Вяземский не сразу получил эти стихи. Лето он провел не в Москве, а в Ревеле на морских купаниях, откуда писал длинные письма, полные забавной и парадоксальной эпистолярной болтовни. Одно из его писем — к жене от 15 июля — должно остановить наше внимание. Оно содержит рассуждение о действии желудка, напоминающем работу человеческого рассудка; сильный рассудок переваривает жизненные впечатления, превращая их «в хорошее, сочное, здоровое г<…>»; «оно лучший, необходимый результат нашей жизни, эссенция всего нашего дня, вернейшая ртуть нашего телесного барометра. Человек больной, человек озабоченный, человек беспокойный, порочный, слишком скорый не имеет хорошего испражнения, а человек нехорошо испражняющийся никуда не годится». «Жаль, что нет при тебе Александра Пушкина, — заканчивал Вяземский свои философические выкладки. — Он умел бы оценить это письмо, а тебе писать все равно, что метать бисер перед свиньею»[538].
В письме заключалось зерно пародийного замысла, и когда Вяземский, вернувшись в Москву и Остафьево, получил оду в честь Хвостова, он осуществил свое желание сообщить его Пушкину. 16–18 октября 1825 г. он посылает ему письмо, где варьирует эту тему «мыслительного навоза». Оно начинается стихами:
Ты сам Хвостова подражатель,
Красот его любостяжатель,
Вот мой, его, твой, наш навоз!
Ум хорошо, а два так лучше,
Зад хорошо, а три так гуще,
И к славе тянется наш воз.
(XIII, 238)
Некоторые места в этом письме не вполне понятны и не получили объяснения.
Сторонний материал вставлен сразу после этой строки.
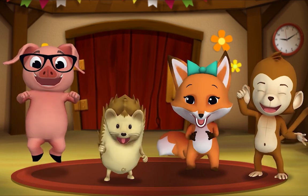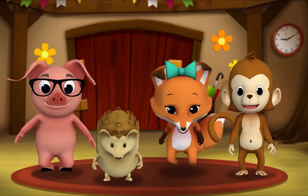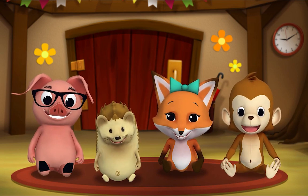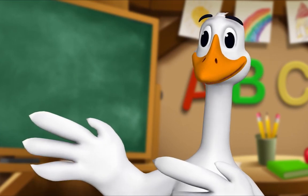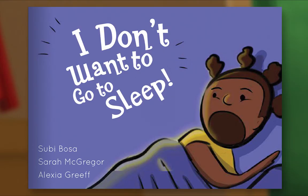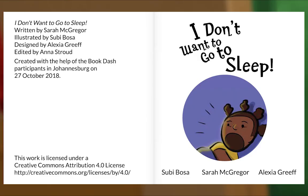It's story time! Yay! Get around everyone! What book are we reading? We're reading this one! It's called "I Don't Want to Go to Sleep." Let's find out what happens. Let's begin. "I Don't Want to Go to Sleep," written by Sarah McGregor, illustrated by Subi Bosa, designed by Alexia Grief.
Очевидно — это следует и из него, и из последующих писем — Вяземский прислал Пушкину какие-то свои стихи о Хвостове, написанные им в дороге, и в этих стихах была та тема «поэтического навоза», которая наметилась уже в его ревельском письме к жене — том самом, которое он так стремился показать Пушкину. Вероятно, стихи были пародийны, — и Вяземский соотносил их с пушкинской одой (о ней идет речь в строках «Ты сам Хвостова подражатель…»). Стихов этих мы не знаем; вероятно, они были приложены к письму на отдельном листке и не сохранились. Шестистишие, начинавшее письмо, было своего рода сопроводительным текстом.